17/11/2015 1:02 AM IST | Updated 15/07/2016 8:25 AM IST
A wooden heart with the colours of the French flag rests among candles placed by people outside the French embassy in Madrid, Monday, Nov. 16, 2015. France is urging its European partners to move swiftly to boost intelligence sharing, fight arms trafficking and terror financing, and strengthen border security in the wake of the Paris attacks. (AP Photo/Francisco Seco)

French Ambassador to India Francois Richier today said he was "saddened" by Uttar Pradesh minister Azam Khan's remark that the Paris terror attack could have been a "reaction" to the "killing of innocents" in Arab countries by "superpowers" including the US.

"I am saddened," Mr Richier told reporters here while reacting to Mr Khan's statement.

Mr Khan, a senior Samjawadi Party leader, condemned the terrorist attacks in Paris but simultaneously raked up the issue of action by the US and Russia in Arab countries, saying "killing of innocents" anywhere is "not justified".

"Whatever the terrorists did in Paris was wrong. But, attack on Arab countries and killing of innocents there by US and Russia is also not justified... We need to look who killed whom first, and after that who retaliated. This is a debatable issue. You strike bombs through drones to kill the innocents... History will decide who is a terrorist and who is wrong," he said.

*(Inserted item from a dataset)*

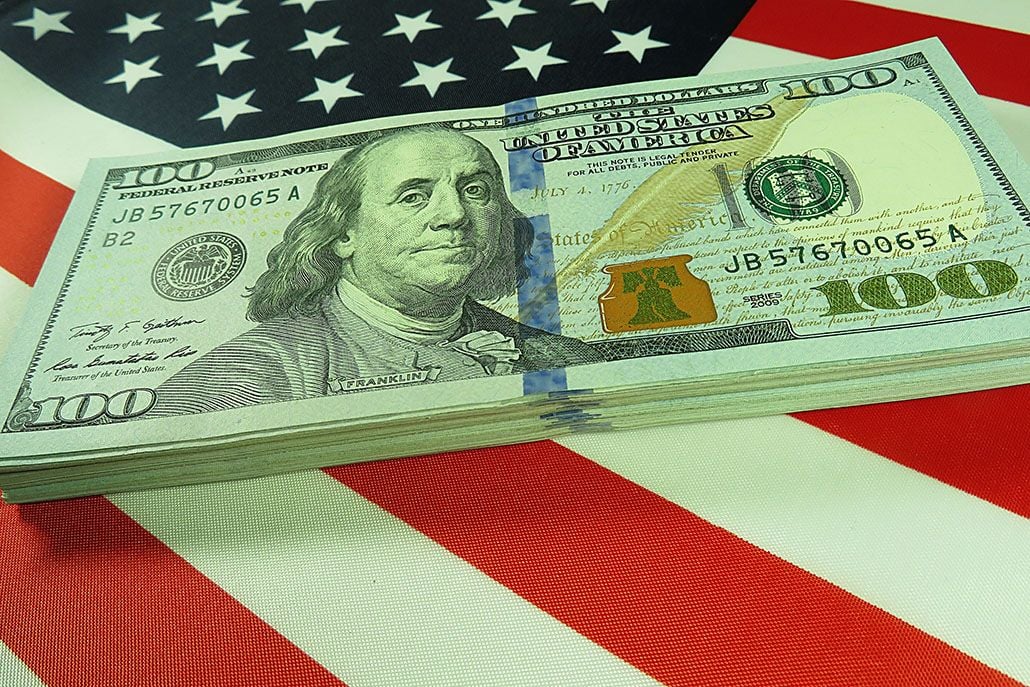 US Dollar note on flag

"If this attack is a reaction then the superpowers must think about it. What action led to this reaction and whether their action was justified? They need to think otherwise there is apprehension that the situation will get worse. I think the world is heading towards another World War," Mr Khan had said yesterday.

Reacting sharply to the minister's remarks, BJP demanded action against him and dared the Samajwadi Party leadership to make public its stand, saying it would otherwise be construed that it supports terrorism.

Three teams belonging to the terrorist organisation Islamic State (ISIS) carried out coordinated gun-and-suicide bombing attacks across the French capital on November 13 that left at least 129 people dead and 352 injured, attracting condemnation from an entire spectrum of world leaders.